One frigid, snowy day last winter when Dan was down and out with a cold, his sister Trisha brought over a big tunjura (a big pot) of vegetable soup. It’s the kind of soup that wouldn’t typically get me to turn my head, thinking from the looks of it that it’s just all about duty, and not so much about desire. If I saw this soup on a menu, I’d go for the other one. I know I sound like the children in the family, who I always try to talk out of their culinary hesitations.
I served Dan a huge bowl and decided I wasn’t so hungry myself.
The next day, lunch came around and the soup was there. I thought I’d better eat a bowl to help me avoid catching Dan’s pestilence, a duty to myself. I warmed up one ladle-full–that’d be plenty of what seemed like stew with all of the chickpeas and kale, the tomatoes and corn too. My own sister Peg will tell you that I am not partial to stew, pretty much ever. She knows this because it is among her favorites to make and eat, and she is offended that I don’t feel the same.
But Trisha, she hit her stew/soup with cayenne, which contrasts perfectly with the sweetness of the butternut squash. I think she had even called it squash soup, which is almost always a cream-based pureed soup of the sort I am drawn to, but the sort that my constitution will not let me eat (at all). It was a refreshing change to see the squash as one element among many in a brothy, good-for-you base.
My first spoonful was lazy and indifferent, taken while I did something else. What I tasted was so excellent, I had to stop what I was doing and focus. With every bite my mind and taste buds were at work to figure out what was going on in there so I could recreate it. There was a hefty helping of chickpeas, and the pot was finished off with a shower of curly kale. The chickpeas gave me every right to consider this a Lebanese-style soup (that’s how I am with ingredients: if one of our favorites is in there, then Lebanese it is. Call it selfish or creative or what you will. I call it claiming our own for our own…).
This soup-of-obligation turned out to be absolutely delectable soup, Lebanese soup!, a soup I finished off right then and there, much to Dan’s disappointment when he came home that night thinking of a big bowl for himself.
I should have known the soup would be this good. Trisha got the initial recipe from our sister-in-law Diane, another superb cook, and when food starts making the rounds in the family like that, you know there is a reason: it tastes great.

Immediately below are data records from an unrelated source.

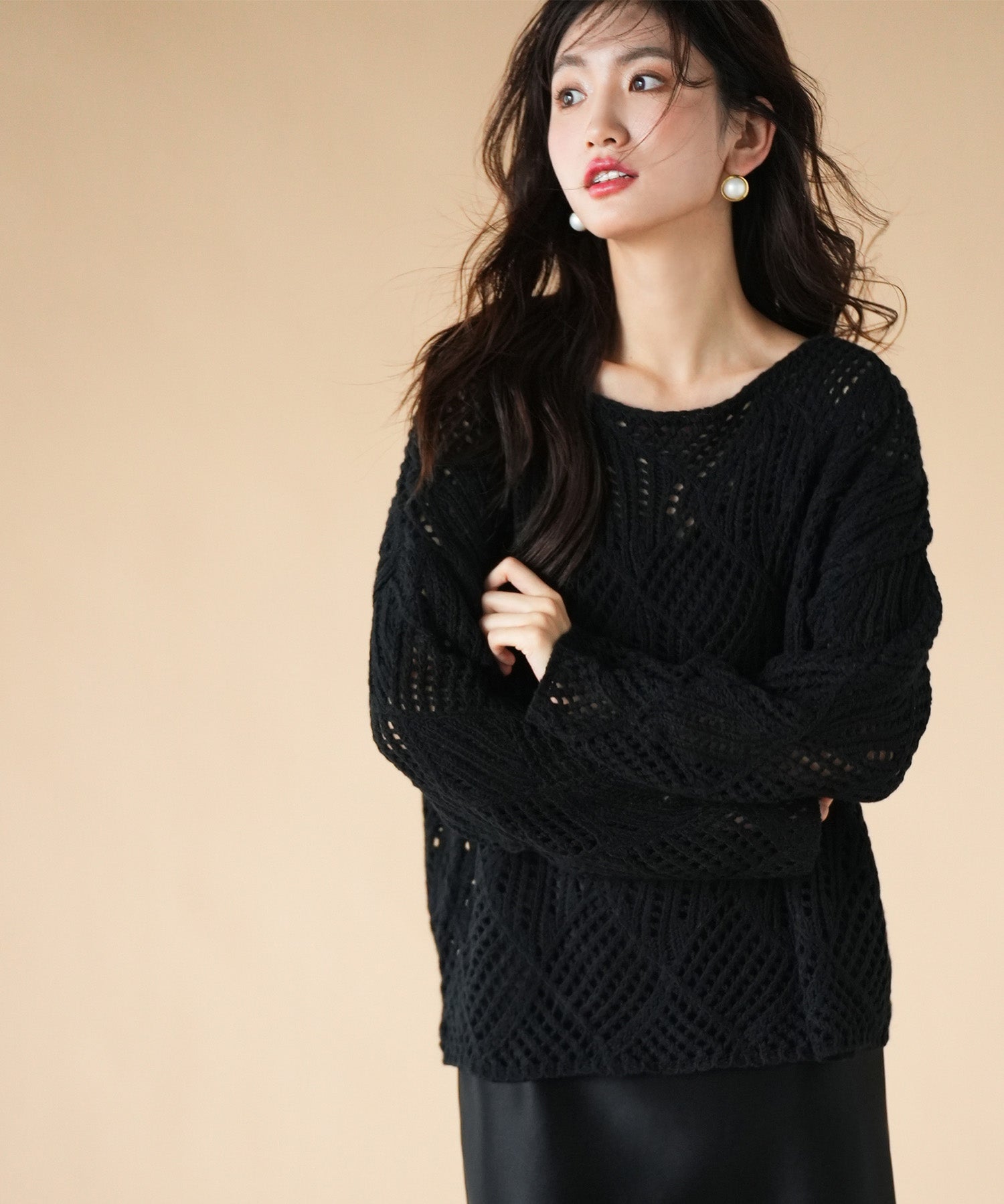 透かし編みドロップショルダーニットプルオーバーsdpxyf6619 ブラック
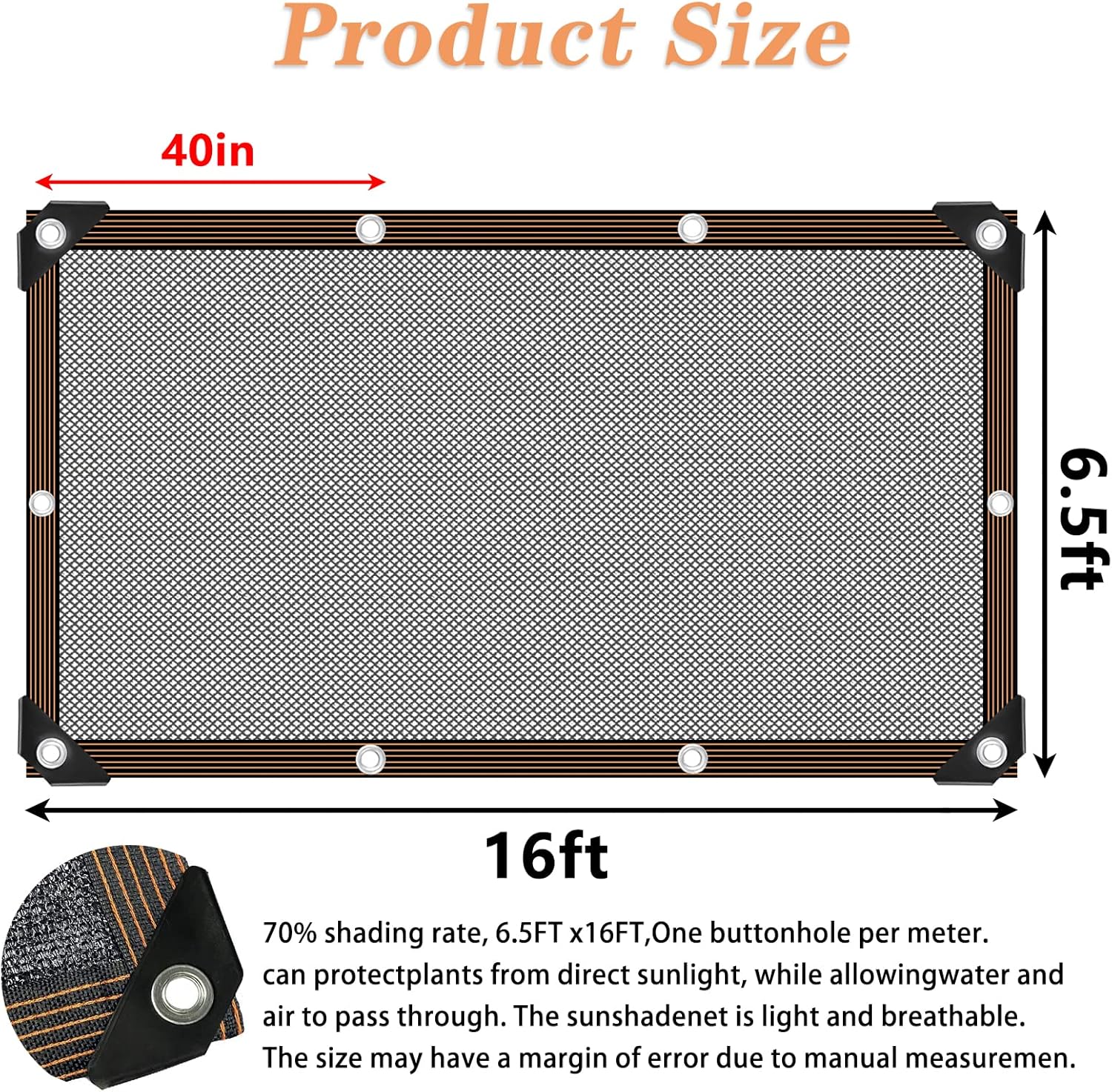Shade Cloth - for Plants Greenhouse, 70% Sunblock Shade Sails -for Outdoor Garden Pergola Patio Lawn Sun Shade Cloths for Kennel Chicken Coop Easier to Hang Plant Shade Net Cover
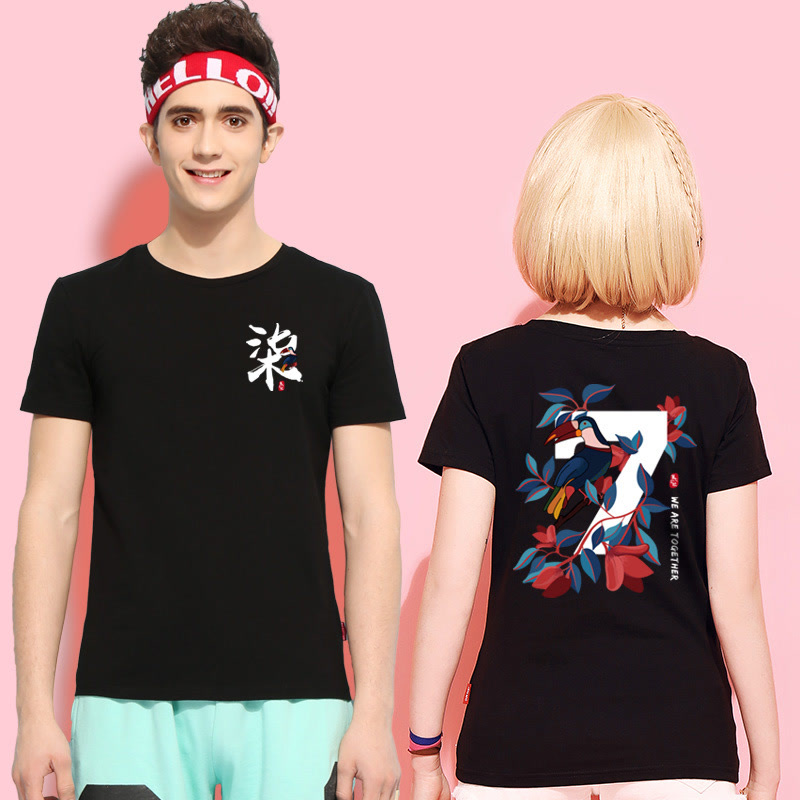 二次元动漫T恤  男韩版新款夏装柒字背后印花半袖学生宽松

When I asked for the recipe, Trisha talked about the ease of it, how you toss in what you have on hand in the way of vegetables, and stalk your pantry and freezer for staples like diced tomatoes and corn. She had creamed corn on the shelf that day and used it, so that’s what I always use now too. If your grocery sells diced fresh butternut squash, the soup practically makes itself.
As for the kale, well, Dan has left every kale attempt I’ve made for him uneaten on the plate. He tries to hide it under a piece of pita.
But here in our Lebanese vegetable soup, the kale is so key to texture and goodness that I keep adding more every time I reheat the pot so there will be plenty of kale in every bowl. Dan says if kale can taste like that, he loves kale. It’s like adding the chard to our Garlicky Lentil Soup—it takes everything up not one or two notches, but all the way from duty to delicious.
- 2 tablespoons extra-virgin olive oil
- 1 small yellow onion, diced
- 2 medium carrots, diced
- 2 celery stalks, diced
- 2 teaspoons kosher salt, plus more as needed
- 2 cups diced butternut squash
- 2 cups or 1 16-20 ounce can chickpeas
- 2 cups or 1 16-20 ounce can diced tomatoes
- 2 cups or 1 16 ounce can corn or creamed corn
- 6 to 8 cups vegetable or chicken stock
- 4 sprigs fresh thyme
- Freshly ground black pepper
- ¼ teaspoon cayenne pepper
- 1 tablespoon honey
- 5-6 cups coarsely chopped kale
- In a large soup pot (5-quart or larger), warm the olive oil over medium heat. Add the onion, carrots, celery, and a teaspoon of salt and stir to coat with the oil. Cover and cook, stirring occasionally, until the vegetables are soft but not browned.
- Stir in the butternut squash and cover the pot again, cooking and stirring occasionally for a minute or two, until the squash just begins to soften. Add the chickpeas, tomatoes, corn, stock and thyme. Season with black pepper, cayenne pepper, and honey and stir well. Cover the pot and simmer on medium-low heat for about 20 minutes.
- Taste and adjust seasoning. Stir in the kale and cook for about 5 minutes, or until the kale is softened. Pull out the thyme stems from the pot, and serve the soup warm.